AuraDB instances on AWS affected by unavailability
Incident Report for Neo4j Aura
Postmortem

What happened

On 2024-04-29 at 08:57:35 UTC, Neo4j implemented a code update that had unintended consequences for our infrastructure management.

The aforementioned code introduced a bug in our cluster management tool, which became apparent when an update to our Kubernetes clusters resulted in the termination of VMs hosting certain databases. While the system self-healed, this led to instances becoming temporarily unavailable for some AWS customers.
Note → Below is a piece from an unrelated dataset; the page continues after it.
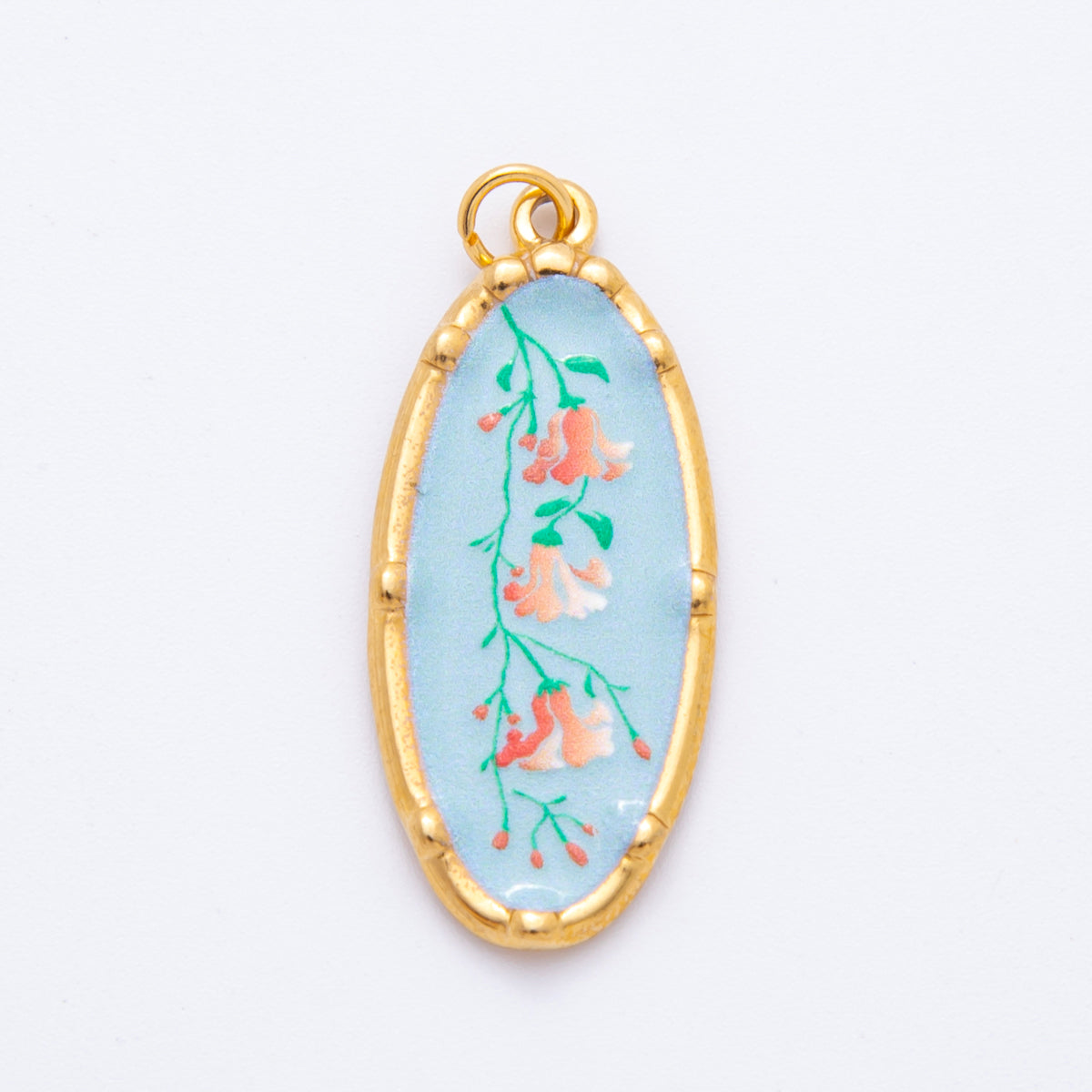Gold Stainless Steel 37mm Hand-Painted Enamel Oval Wildflower Charm | J398 J406 J409 J411 J419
Since our code rollout occurs progressively across environments, the impact was staggered across AWS service tiers.

How the service was affected

Some of our AWS customers (running instances up to 32GB of RAM) experienced a <10 minute service interruption between 2024-04-29 08:57:35 UTC and 2024-04-29 12:33:40 UTC when the last batch of impacted databases completed the self-healing process.
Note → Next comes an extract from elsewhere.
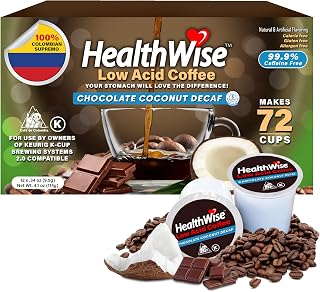 Healthwise Chocolate Coconut Swiss Water Decaf Coffee K-Cups - Soothe Acid Reflux & Heartburn, Sensitive Stomachs, Digestive Discomfort - 72 Count (Pack of 6)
The impact occurred during multiple time intervals. Each interval affected a different group of instances, resulting in shorter recovery times for individual instances.

This occurred in the following time intervals as the roll out was staggered:

  • 08:57:35 - 09:09:50 UTC
  • 09:11:55 - 09:25:05 UTC
  • 09:37:05 - 09:48:55 UTC
  • 10:08:35 - 10:20:50 UTC
  • 11:13:00 - 11:27:10 UTC
  • 12:10:20 - 12:23:40 UTC
  • 12:19:30 - 12:33:40 UTC

What we are doing now

After conducting a comprehensive analysis of the situation, we are taking decisive actions to prevent such incidents from occurring in the future. Our efforts fall into two key areas:

Immediate Actions:
  • Enhancing monitoring and alert systems for the underlying Aura infrastructure, with a focus on detecting and responding to individual (or small groups of) database unavailability promptly.
  • Strengthening testing protocols and code review processes to identify and address bugs in the components managing Cloud Infrastructure at an earlier stage.

These measures are aimed at ensuring the reliability and stability of our services moving forward.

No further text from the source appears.